The government is urging large companies to sign up to the new Kickstart Scheme to help young, unemployed people get back to work
The government Kickstart Scheme is designed to help young people most at risk of long term unemployment get into work. After 2 months of waiting, today the Government finally announced more details which are frankly a little bit disappointing. It seems the scheme is designed for larger employers only (Tesco is the first to sign-up) and also doesn’t provide adequate details pertaining to what constitutes “most-at-risk of long-term unemployment”.
What is the Kickstart Scheme?
The scheme has high aims of boosting the economy while helping thousands of young people into employment.
Young people aged between 16 and 24 and claiming Universal Credit might be eligible for a new six month work placement at your company this Autumn.
Jobcentre Plus staff will determine whether those young people are at risk of long term unemployment before supporting them through their placement. How they will decide who is eligible is the crucial missing piece of information.
The scheme will run until next December and covers a range of different sectors in England, Scotland and Wales.
How does it help employers?
All employers can enjoy the benefits as the government has dedicated £2 billion to paying the wages of every Kickstart Scheme placement. The government has pledged to pay 100% of the age-relevant National Minimum Wage, National Insurance and Pension contributions for every employer, up to a cap of 25 hours a week.
Employers can choose to use their own money to extend the hours or increase the pay for their new co-worker.
The government will also offer every employer a grant of £1,500 to help with support, training and other costs.
Can I hire a graduate?
We don’t have all the information yet. But depending on the criteria that the Job Centre applies for determining those at risk of long term unemployment you may or not be able to get a graduate level employee.
Graduates may of course register for Universal Credit, but it will be the Job Centre staff who will identify people at risk of long-term unemployment and refer them to the scheme. This could mean that it’s largely young people with less practical skills, less work experience, and less education – this rules out grads.

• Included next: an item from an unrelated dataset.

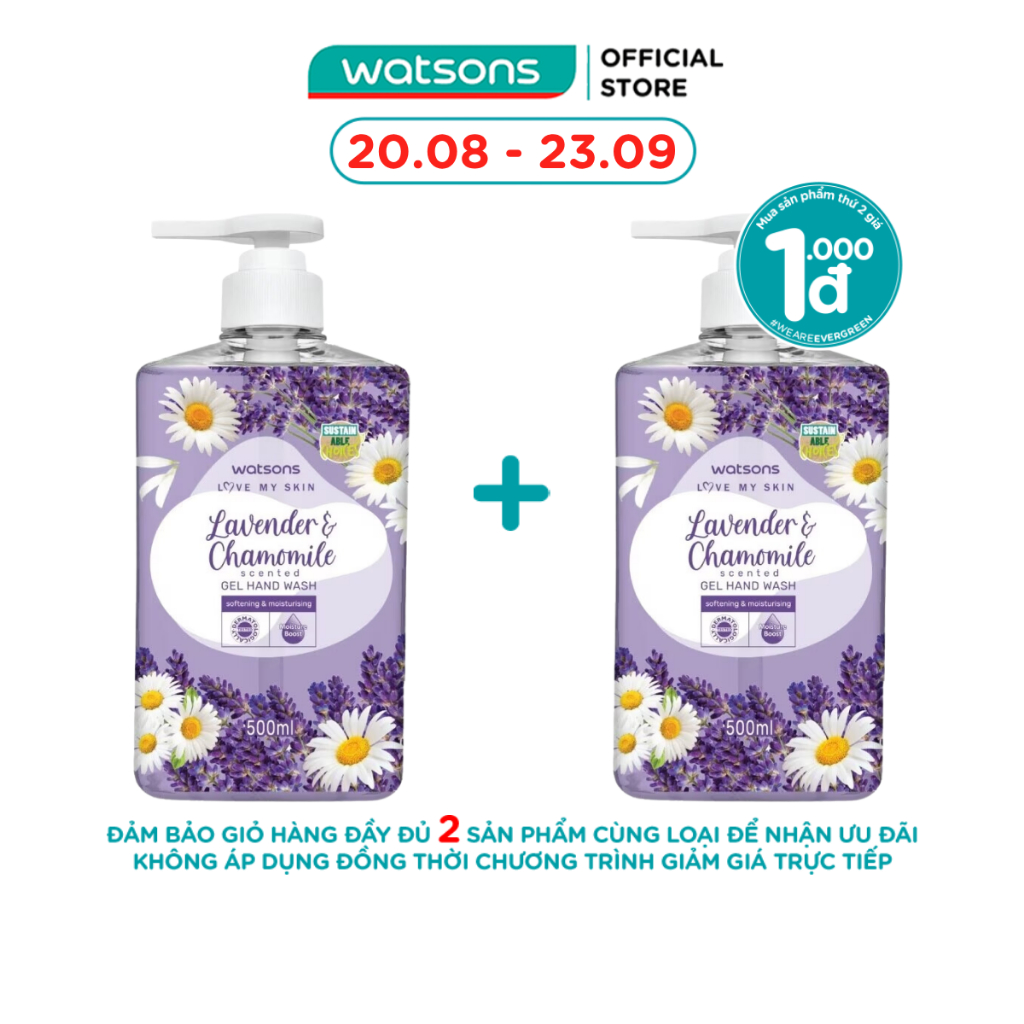 Gel Rửa Tay Watsons Love My Skin Lavender Chamomile Scented Gel Hand Wash 500ml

Right now these important details are largely unknown so there is the possibility that with the right training and support you could gain a valuable team member for 6 months.
How do you get involved?
Applications are now open for employers. Any organisation can apply, but it’s largely limited to and targeted at larger employers.
If your organisation has capacity for 30 Kickstart placements you can submit an application here, but if you’re a smaller organisation that can’t offer that number of placements, the process is much harder, and potentially prohibitive.
Employers who cannot offer 30 placements must partner with other organisations until they, as a group, reach that number. After you’ve created your group, your representative company can then apply to take part, and this is all before you’ve had a chance to see the quality of eligible applicants.
To apply to be a group representative, click here.
What happens after?
After you’ve applied to join the scheme, your application will be reviewed by a panel. If it meets the criteria, you should know within a month. You will receive a letter with your grant agreement and more paperwork to fill out.
After everything has been approved your placement will be advertised via a new Kickstart portal and you will receive applications from Kickstart candidates. Next you can conduct interviews, review applications and choose who to employ.
If your company or group does not meet the requirements, your application will be unsuccessful, but you may apply again.
Where to look for help
If you’ve got any questions, keep an eye on the government website for any updates.